Provided data -
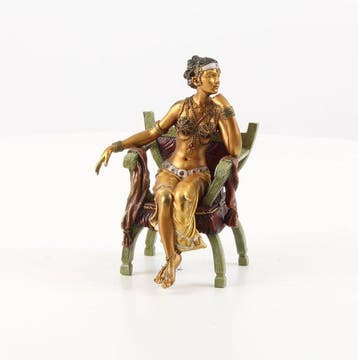 sculptuur, Elegant Seated Belly Dancer – Signed Bronze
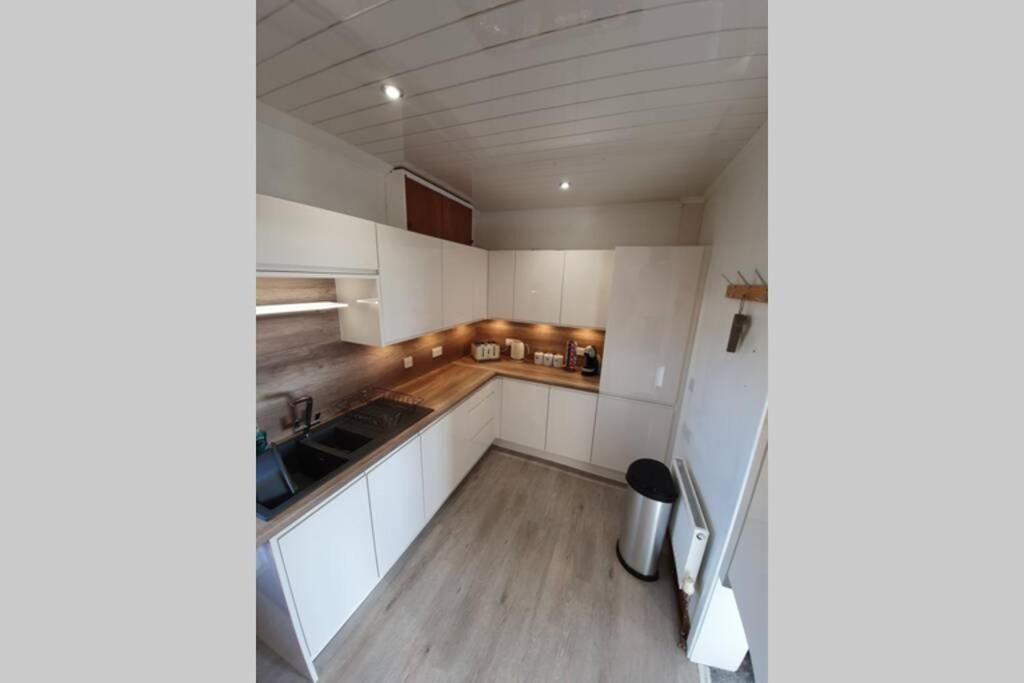 Burnbrae Cottage Breasclete 外观 照片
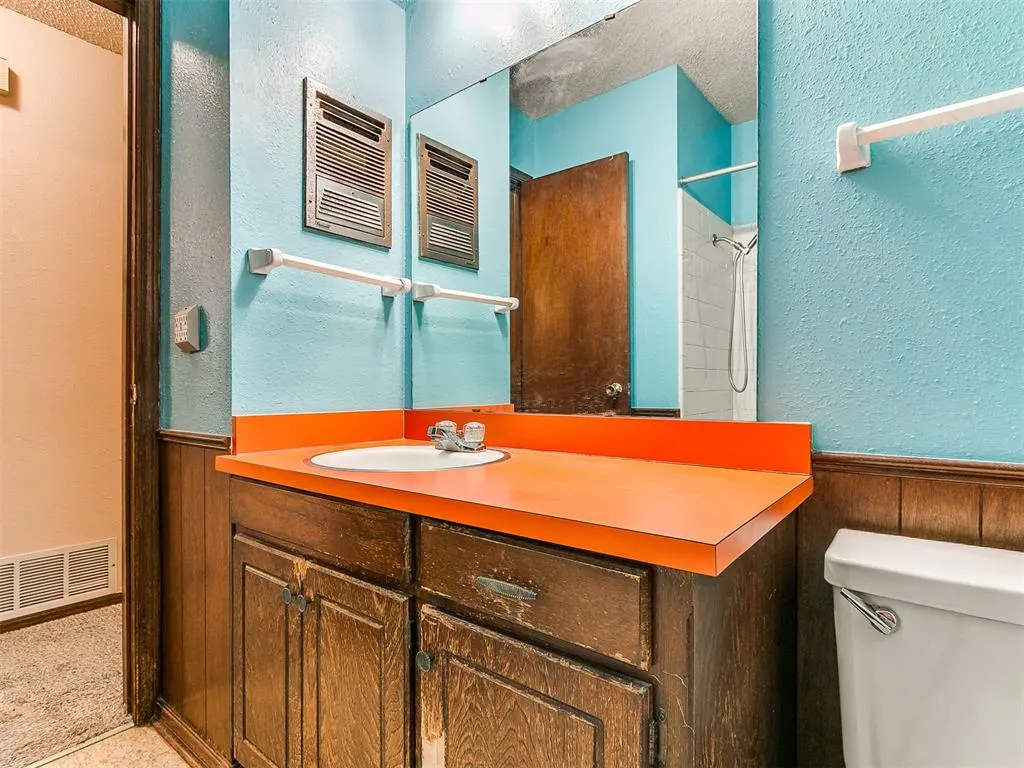 Photo 19 — 217 W Shadywood Drive, Oklahoma City, OK 73110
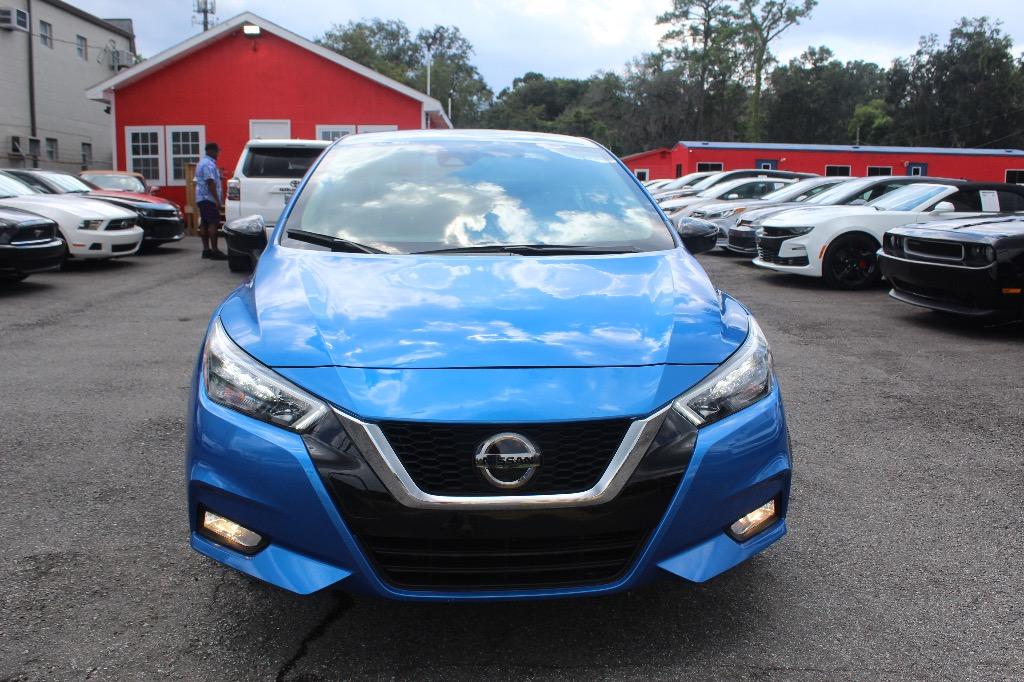 2020 Nissan Versa SR photo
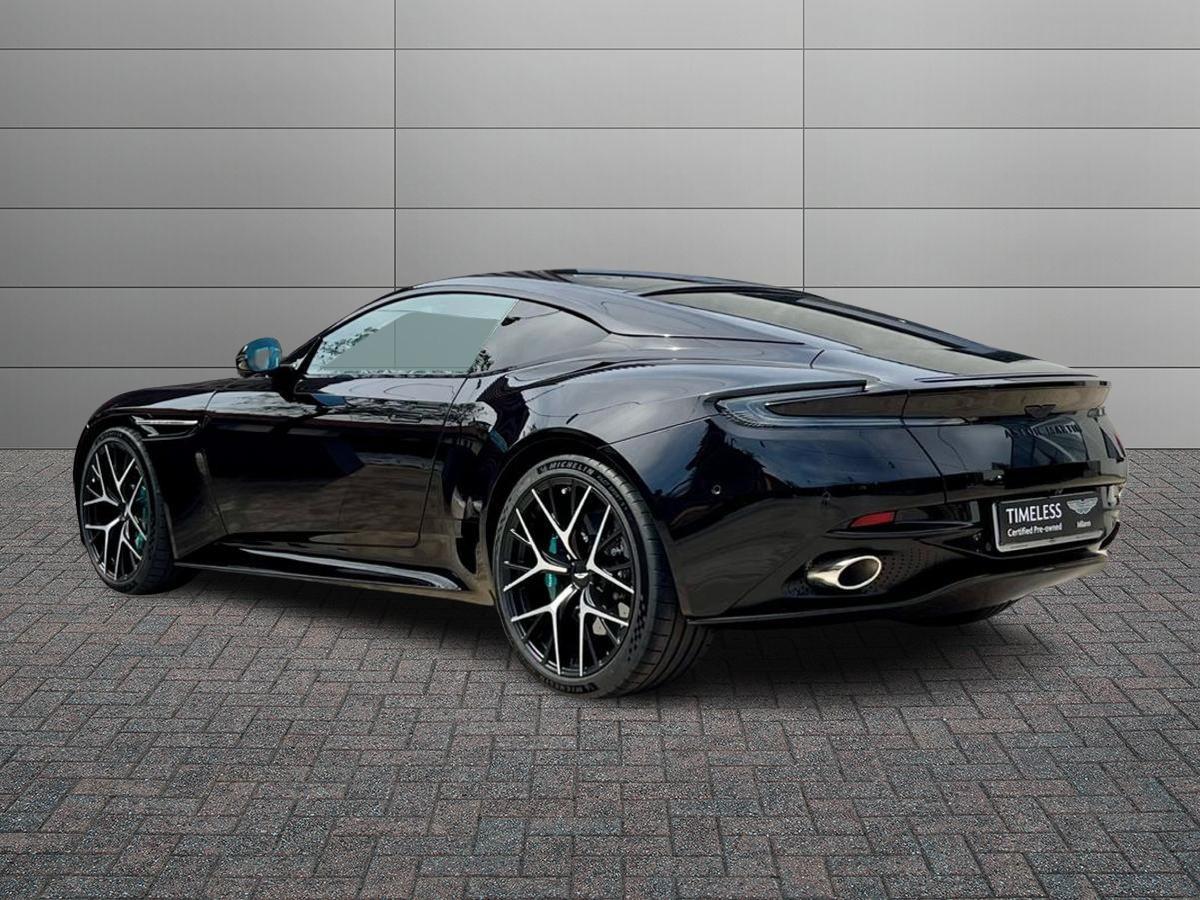 ASTON MARTIN DB12 Coupe 4.0 V8 auto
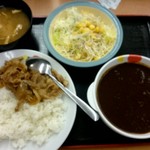 Matsuya - 牛カレー５００円・野菜サラダ１１０円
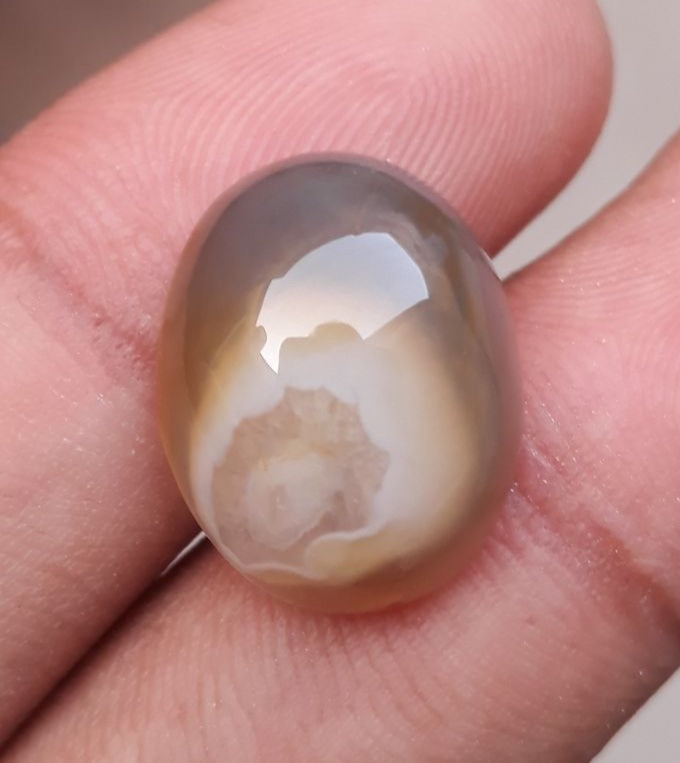 16ct Beautiful  Agate Cabochon Suitable for RingSetting - Sulaimani Aqeeq - 19x15mm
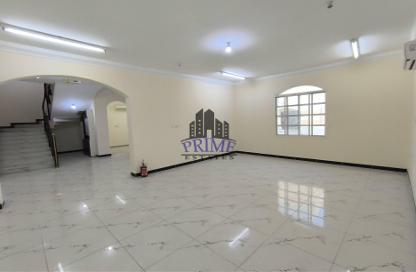 Villa - 5 - 5 for rent in Ain Khaled Villas - Ain Khaled - Doha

Exercise details - For this exercise, repeat word for word only the lines from the one containing "ASTON MARTIN DB12 Coupe 4.0 V8 auto" through the end of the data, including both. Pictures do not go in the copy.

Reply to the task -
 ASTON MARTIN DB12 Coupe 4.0 V8 auto
 Matsuya - 牛カレー５００円・野菜サラダ１１０円
 16ct Beautiful  Agate Cabochon Suitable for RingSetting - Sulaimani Aqeeq - 19x15mm
 Villa - 5 - 5 for rent in Ain Khaled Villas - Ain Khaled - Doha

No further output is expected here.